Tyneside Scottish is an honour title which has been held by a variety of British Army units since 1914. The Regiments which have held the title are the Northumberland Fusiliers, Durham Light Infantry, Black Watch and Royal Artillery. The Tyneside Scottish title is currently maintained by 204 (Tyneside Scottish) Battery Royal Artillery.

== History ==
===First World War===
The origins of the Tyneside Scottish are in the Kitchener's Army and the call to arms in the First World War. The Recruitment to the British Army during the First World War saw the raising of the Pals battalion. The Tyneside Scottish Committee was formed and raised four service Battalions of the Northumberland Fusiliers. These were the 20th (Service) Battalion (1st Tyneside Scottish), 21st (Service) Battalion (2nd Tyneside Scottish), 22nd (Service) Battalion (3rd Tyneside Scottish) and 23rd (Service) Battalion (4th Tyneside Scottish). They formed the 102nd (Tyneside Scottish) Brigade, part of the 34th Division. The 29th (Reserve) Battalion and the 33rd (Reserve) Battalion were formed from the depot companies of the Tyneside Scottish battalions.

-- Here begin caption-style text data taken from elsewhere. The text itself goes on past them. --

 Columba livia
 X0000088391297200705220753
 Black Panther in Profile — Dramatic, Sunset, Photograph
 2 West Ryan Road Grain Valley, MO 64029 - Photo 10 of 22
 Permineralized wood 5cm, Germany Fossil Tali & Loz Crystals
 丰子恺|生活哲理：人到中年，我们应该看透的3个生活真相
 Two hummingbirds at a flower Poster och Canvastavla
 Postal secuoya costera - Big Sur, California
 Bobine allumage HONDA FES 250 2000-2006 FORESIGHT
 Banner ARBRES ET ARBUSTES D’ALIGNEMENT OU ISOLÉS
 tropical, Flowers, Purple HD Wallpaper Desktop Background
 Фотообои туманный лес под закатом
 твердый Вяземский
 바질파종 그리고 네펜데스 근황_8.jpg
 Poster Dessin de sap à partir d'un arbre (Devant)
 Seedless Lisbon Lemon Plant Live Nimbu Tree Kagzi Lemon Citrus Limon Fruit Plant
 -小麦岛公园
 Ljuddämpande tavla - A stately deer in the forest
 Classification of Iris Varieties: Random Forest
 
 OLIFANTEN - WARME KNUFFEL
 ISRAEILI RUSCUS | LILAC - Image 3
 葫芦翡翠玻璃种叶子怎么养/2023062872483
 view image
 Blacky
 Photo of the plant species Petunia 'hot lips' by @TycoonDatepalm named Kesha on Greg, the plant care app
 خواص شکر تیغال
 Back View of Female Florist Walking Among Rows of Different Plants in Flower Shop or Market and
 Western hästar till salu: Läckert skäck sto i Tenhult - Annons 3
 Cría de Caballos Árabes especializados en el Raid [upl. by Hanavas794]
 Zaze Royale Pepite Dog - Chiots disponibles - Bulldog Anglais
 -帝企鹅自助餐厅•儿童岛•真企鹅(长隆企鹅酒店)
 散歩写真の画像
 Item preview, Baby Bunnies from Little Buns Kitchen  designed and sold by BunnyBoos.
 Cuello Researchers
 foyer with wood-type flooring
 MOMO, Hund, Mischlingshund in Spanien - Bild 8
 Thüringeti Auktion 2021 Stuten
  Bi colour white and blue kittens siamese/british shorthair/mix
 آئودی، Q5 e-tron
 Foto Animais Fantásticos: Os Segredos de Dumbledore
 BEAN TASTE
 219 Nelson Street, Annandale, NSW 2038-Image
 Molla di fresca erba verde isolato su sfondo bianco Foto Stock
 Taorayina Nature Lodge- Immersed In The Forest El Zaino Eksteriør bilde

The Brigade's first major action was the Battle of the Somme where it sustained a large number of casualties. The Brigade was subsequently brought up to strength and served at Armentiers, Battle of Arras, and the final battles of 1918. The Brigade was disbanded in 1918.

===Second World War===
In March 1939 the TA expanded and the 12th (Tyneside Scottish) Battalion, the Durham Light Infantry was authorised to be raised as the Tyneside Scottish. In February 1940 the battalion secured affiliation with a Scottish unit and became the 1st Battalion Tyneside Scottish, Black Watch (Royal Highland Regiment). The battalion deployed to France as part of as part of the British Expeditionary Force and were part of the Dunkirk evacuation. Following a period of Home Defence, 1st Tyneside Scottish joined the 49th (West Riding) Division and were sent to Iceland. Returning to England in 1942 another period of Home Defence preceded the Normandy landings in 1944. The battalion were engaged in Operation Martlet gaining the Battle Honour "Defence of Rauray". Following the Battle and subsequent actions in the Caen area, the battalion was reduced to cadre strength and subsequently placed in suspended animation.

===Post-war===
In January 1947 on the re-constitution of the Territorial Army, the honour title passed to the Royal Artillery. Initially the title was held by 670th Light Anti-Aircraft Regiment, RA (Tyneside Scottish), before passing to a Battery, 439th Light Anti-Aircraft Regiment, RA (based in Tynemouth) in March 1955. 439th Light Air Defence Regiment was one of four regiments that amalgamated to form 101st (Northumbrian) Regiment Royal Artillery in 1967. In 1974, the Tyneside Scottish title was adopted by 204 (Tyneside Scottish) Battery Royal Artillery, part of 101st (Northumbrian) Regiment Royal Artillery.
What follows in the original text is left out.